One example of a well-documented claim of religious discrimination is when the EEOC filed a suit against the North Carolina-based Food Lion store for failing to accommodate and subsequently firing an employee who was a Jehovah’s Witness.
The employee needed to attend church services on Thursdays and Sundays and was unable to work on those days. After being transferred to a different store, the new manager refused to accommodate the employee’s religious practices and the employee lost their job. Food Lion was forced to pay a $50,500 settlement to the employee and amend its employment practices.
Insurance as Financial Protection in the Case of Discrimination Claims
Religious discrimination claims are a serious issue and every company should strive to create an accepting environment for its employees regardless of religious denomination.

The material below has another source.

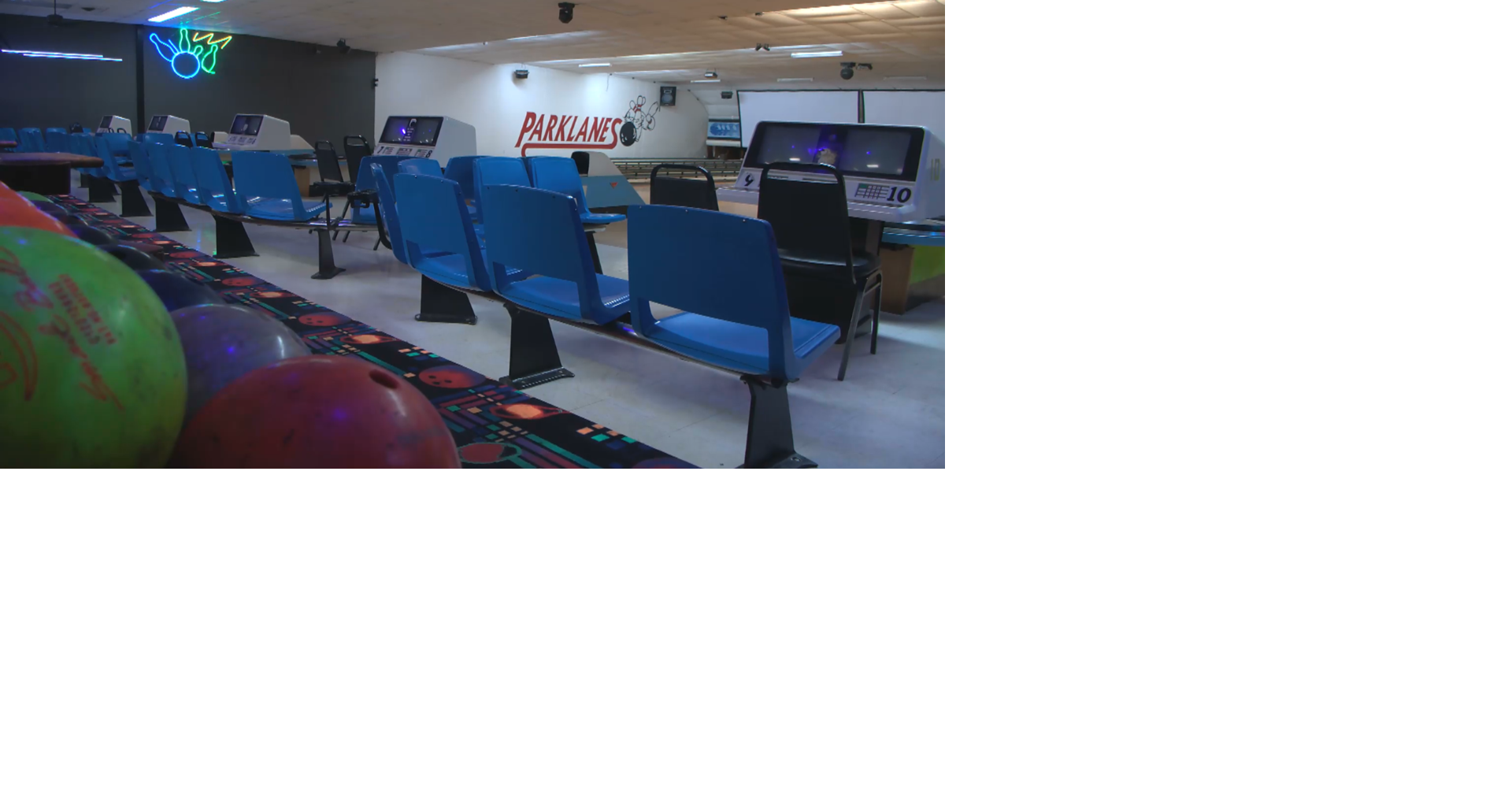 Community staple Parklanes in Newton closes its doors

However, when such claims do occur, having the right risk management plan in place could allow your company to transfer the financial stress of these allegations and, more importantly, deal with them ethically and fairly.
EPLI serves to protect the business from employment-related claims of harassment, wrongful termination, or failure to promote due to the employee’s religious beliefs. The EPLI policy will pay for the legal costs of defending against these allegations and cover the settlement should one be reached.

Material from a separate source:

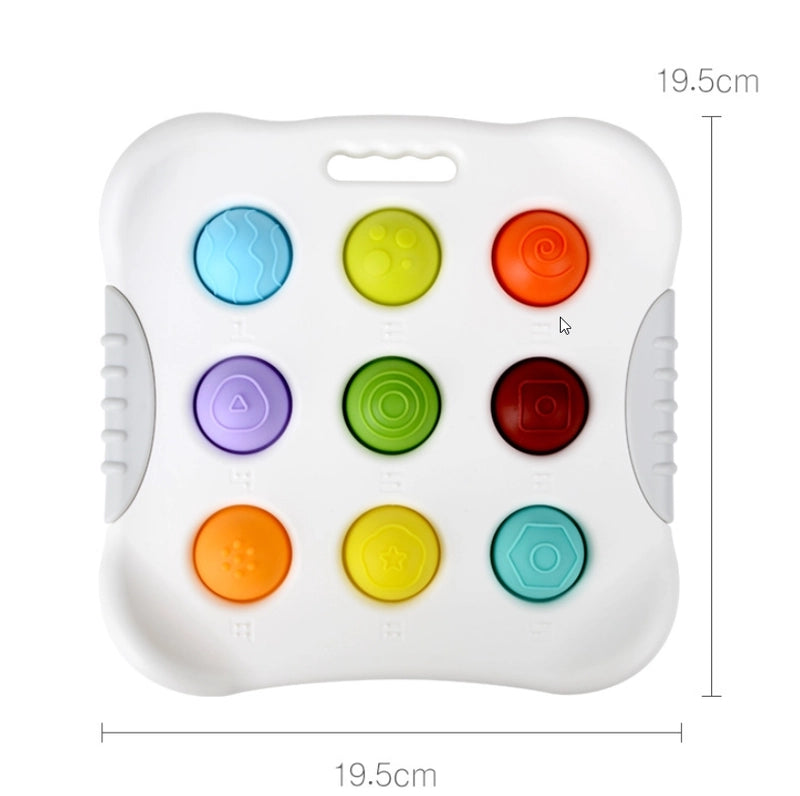 Fidget Toys Multicolor Plastic Toys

Additionally, if employees bring their concerns to the company’s management, they’ll want to be heard and understood. If, on the other hand, they feel that they are being ignored, or that leadership isn’t doing enough to prevent discrimination, they may become angry and frustrated and decide to sue.
In such cases, executives and board members may be held personally responsible, especially if it’s alleged that their actions have contributed to the claimed religious discrimination.
A D&O policy will respond to protect the company and the personal assets of its leadership by paying for the defense costs and damages (awards and settlements) that result from such claims.
It’s considered good practice to bundle D&O and EPLI policies into one seamless package to avoid gaps in management liability coverage.
To get a better understanding of how to protect your company from discrimination claims and other employment issues, you can reach out to one of our expert brokers at any time to secure the right coverage at the best price.
Despite unpredictable court decisions, treating applicants and employees with respect and judging them solely based on their qualifications and performance remains the safest course of action when dealing with potential cases of discrimination, religious or otherwise.
A failure to adhere to these rules can create a hostile work environment and often leads to expensive lawsuits and severe reputational damage.